Member of the Everett, Massachusetts Board of Selectmen
- In office 1887–1889
- Preceded by: Frank P. Bennett
- Succeeded by: Charles H. Spencer

Member of the Massachusetts House of Representatives
- In office 1890–1890
- Preceded by: Joseph H. Cannell
- Succeeded by: Frank P. Bennett

Personal details
- Born: March 25, 1839 Tamworth, New Hampshire
- Died: October 11, 1906 (aged 67) West Ossipee, New Hampshire
- Party: Republican

= John S. Cate =

American politician

John S. Cate (March 25, 1839 – October 11, 1906) was an American business executive and politician who served as a member of the Massachusetts House of Representatives, a member of the Board of Selectmen, and as Mayor of Everett, Massachusetts.

==Early life==
Cate was born on March 25, 1839, in Tamworth, New Hampshire.

==Business career==
Cate was engaged in the manufacture of roofing materials, and was also involved in the real estate business.

==Political offices==
From 1887 to 1889 Cate served as a member of the Everett, Massachusetts Board of Selectmen.
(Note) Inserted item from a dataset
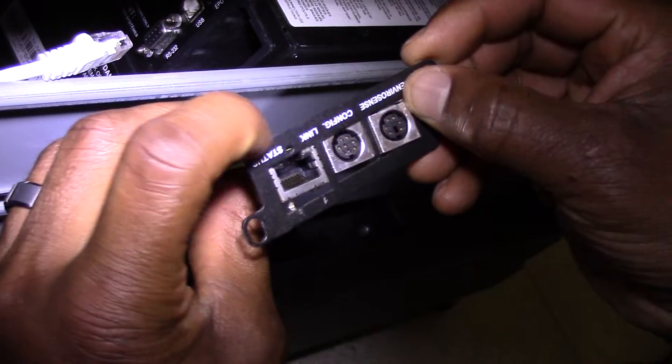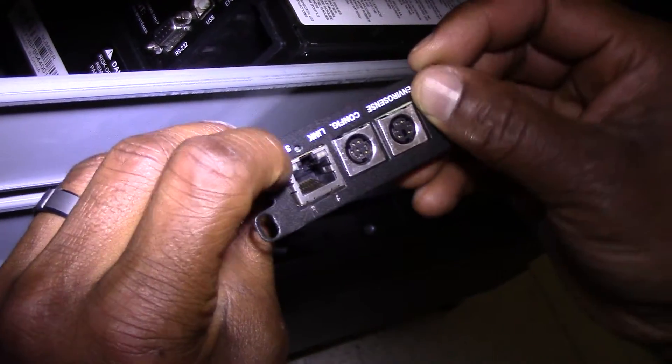Attach them to the new web card — attach the faceplate first, and then attach the ethernet cable.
In 1889 Cate was elected as a Republican, (over Independent Republican Thomas Leavitt who had earlier lost the Republican nomination to Cate), to the Massachusetts House of Representatives. In the legislature of 1899 Cate served on the Committee on Street Railways.

==Death==
Cate died, on October 11, 1906, at his summer home in West Ossipee, New Hampshire.